**WHAT TO DO:** Repeat all the lines below exactly, but omit the pictures.

**GIVEN INFORMATION:**
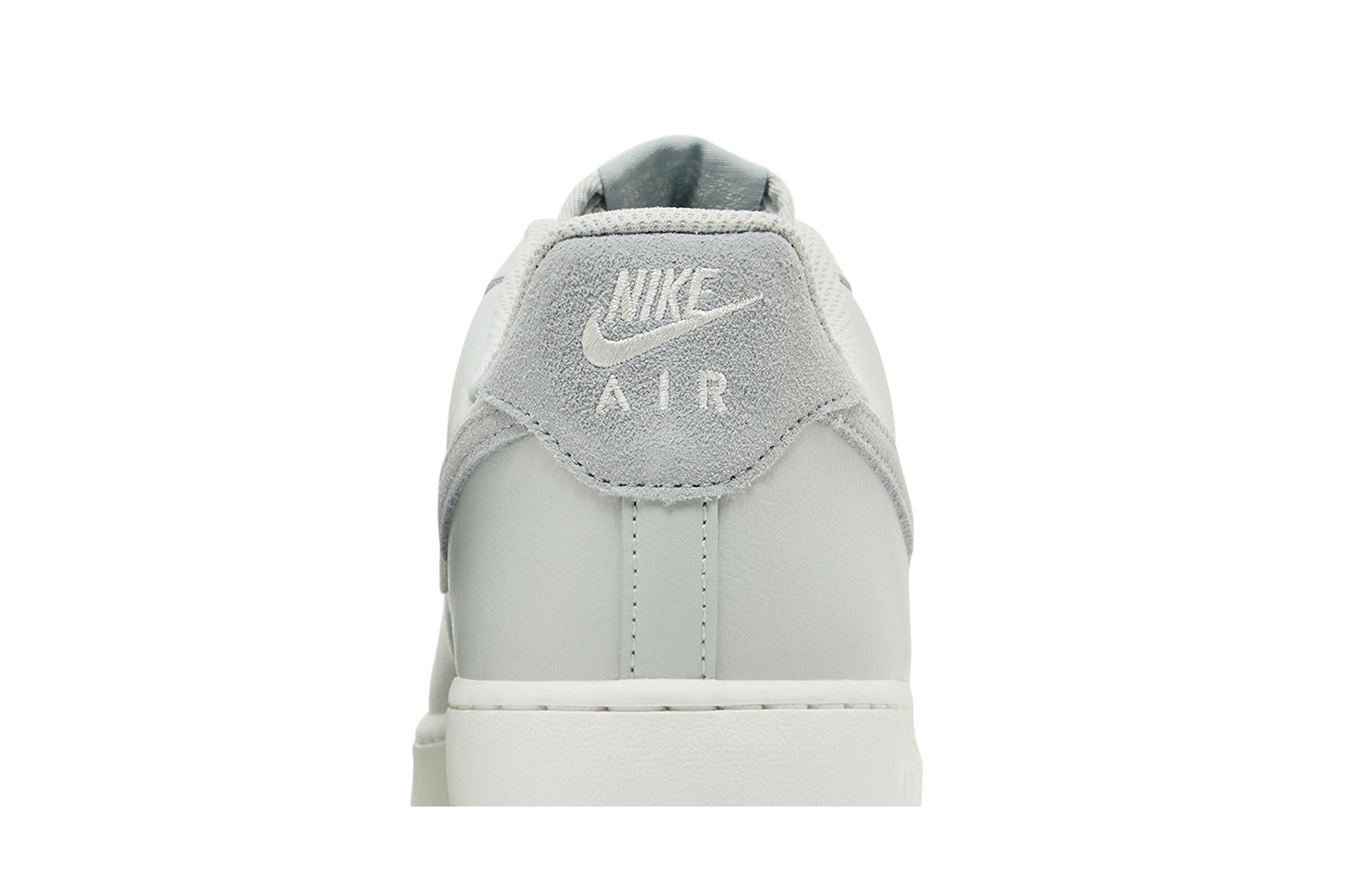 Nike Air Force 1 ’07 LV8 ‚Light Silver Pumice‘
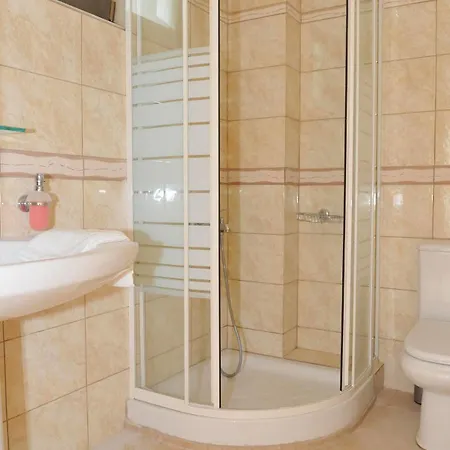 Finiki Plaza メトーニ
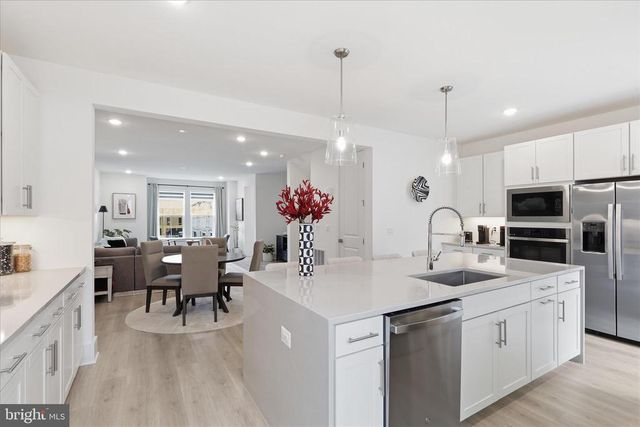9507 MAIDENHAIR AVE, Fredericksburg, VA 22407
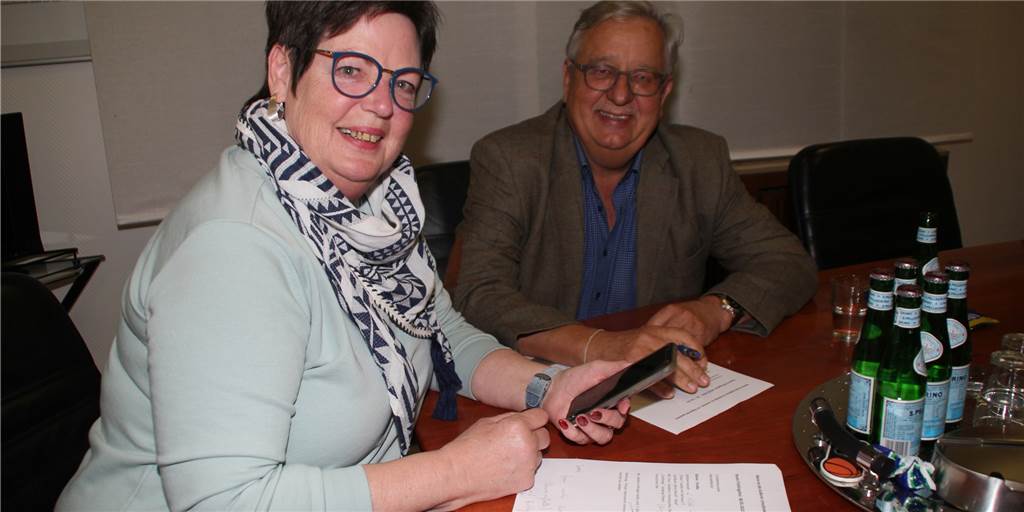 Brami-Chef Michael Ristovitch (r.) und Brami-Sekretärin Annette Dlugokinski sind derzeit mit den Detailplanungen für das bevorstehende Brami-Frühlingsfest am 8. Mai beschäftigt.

**ANSWER FOR THIS EXERCISE:**
 Nike Air Force 1 ’07 LV8 ‚Light Silver Pumice‘
 Finiki Plaza メトーニ
9507 MAIDENHAIR AVE, Fredericksburg, VA 22407
 Brami-Chef Michael Ristovitch (r.) und Brami-Sekretärin Annette Dlugokinski sind derzeit mit den Detailplanungen für das bevorstehende Brami-Frühlingsfest am 8. Mai beschäftigt.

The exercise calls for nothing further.